Man, tough is an understatement.... He didn't even flinch when they was smashin his feet up with that 2 by 4.... Or when they cut his ear off... Had me squerming and I was just watching the video....the most gruesome one I saw was this group of los zetas who captured these cgn....it was this guys first time beheading someone and he ducked it up so bad.... Took him like five mins to finish... And when He finnally got through to the esophogas the dude was still screaming so it made this horrible gurgling noise.... Most disturbing **** I've ever seen... Didn't want to look but I coukdnt look away

that was the last time i opened any suspicious email


----------



## jimity (Jan 12, 2011)

sas111 said:


> When people sliced in half and still communicating..s hits beyond bizarre..amazing much the body can endure.
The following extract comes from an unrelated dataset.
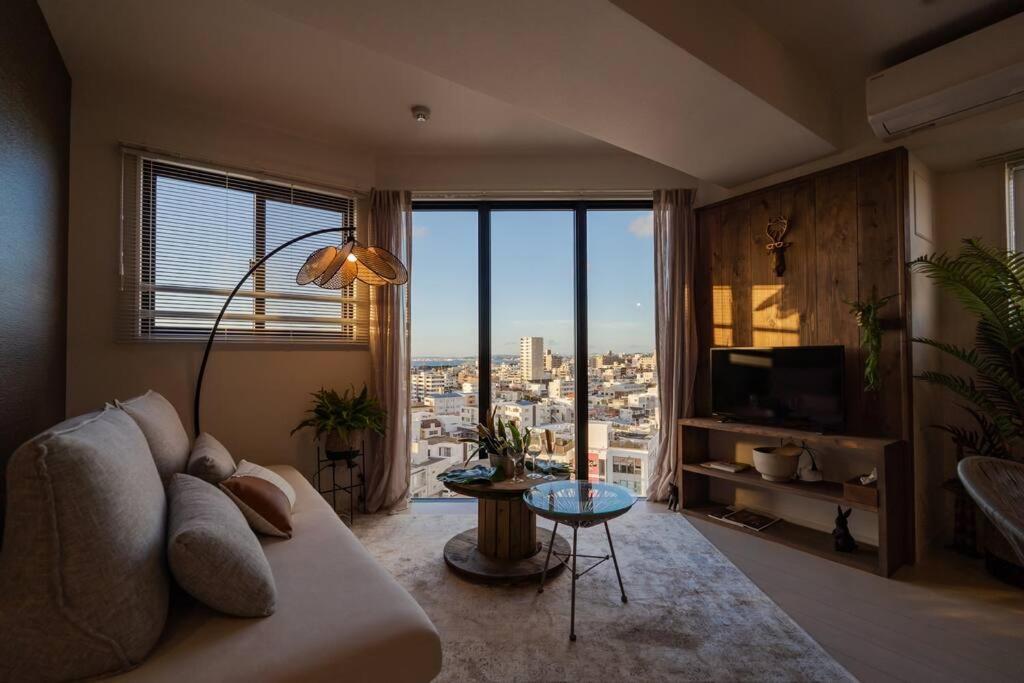 The Penthouse Ginowan Apartamento Urasoe Exterior foto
u've watched the video of the viet guy got run over by a truck and was still alive i think.


----------



## catcharay (Sep 15, 2011)

sh-t, there are really evil ppl in this world. What I feel is that these perpetrators should feel a kind of pain that they subject to others. Personally, I'm not one to watch these videos cos I just couldn't bear to see/hear the pain being endured by the ppl suffering it.


----------



## catcharay (Sep 15, 2011)

Yeah, my sister mentioned the viet guy run over by a truck Sad


----------



## AlchemyFire (Mar 4, 2013)

A while back I started looking at Best Gore but that didn't last long. It started with the case of Luka Rocco Magnotta because they said he had posted a video of the murder online, I had never looked anything like that up but for some reason I was intrigued by his case, so I did. I saw a bunch of other **** on that site and a video of a guy being beheaded in the Middle East. I felt so sick after that, it really traumatized me for a while. I'm not into blood and guts and stuff at all, to the point where I even hate horror films. I don't want anything to do with that scene. I hate having seen these things but at least I know what people are capable of, and it disgusts me. Even reading the things people are posting on here are making me feel sick. Maybe I'm too innocent, haha.


----------



## sas111 (Oct 20, 2010)

jimity said:


> u've watched the video of the viet guy got run over by a truck and was still alive i think.


I've seen three of those videos, still fully awake and In half. A new one was posted a bit ago on bestgore, and ync of a train accident..just chatting away. The Viet guy is still alive today I believe.


----------



## Tokztero (Sep 12, 2013)

Steve-300 said:


> I'm too sensitive to watch someone being tortured to death. On the plus side, that probably means I'm not a psychopath.


So It means I'm a psychopath if I enjoy watching them.:afr


----------



## fredbloggs02 (Dec 14, 2009)

I hoped by watching videos like this and reading Sade I might desensitize myself to the suffering of others I only superficially felt, overcome my anxiety, and learn more about my nature. I watched real videos of people being killed and brutalized. Nothing has changed so far... It seems only to have shown me a powerful thrill at violence I always had the capacity to feel.

My perseverance seems also to have riven a capacity inside me. I sometimes fall into a depression when I feel a powerful inner hunger for that sharp oscillating thrill. To me it is not the same as the act itself; I might feel disgust and guilt at viscerally harming any perceivable organism or directing such torture myself.


----------



## Idontgetit (Nov 1, 2013)

TicklemeRingo said:


> What the **** is wrong with you people?


----------



## Rocklover639 (Jan 3, 2011)

Yeah man I was the same but I stopped watching those videos because I feel something bad can happen when a person has SAD+watches those videos. There was recently a shooting around my town with the person being around my age so I stopped watching them.


----------



## Crimson Lotus (Jul 26, 2013)

I watch a lot of combat footage and that sometimes include execution and other openly violent scenes. 

It may sound odd but over the years I've found that it has given me quite a lot of perspective about life, watching so many horrible situations really makes you sit back and think about you own reality and suddenly your issues don't seem as serious and you are just happy to be able to live a safe, comfortable life.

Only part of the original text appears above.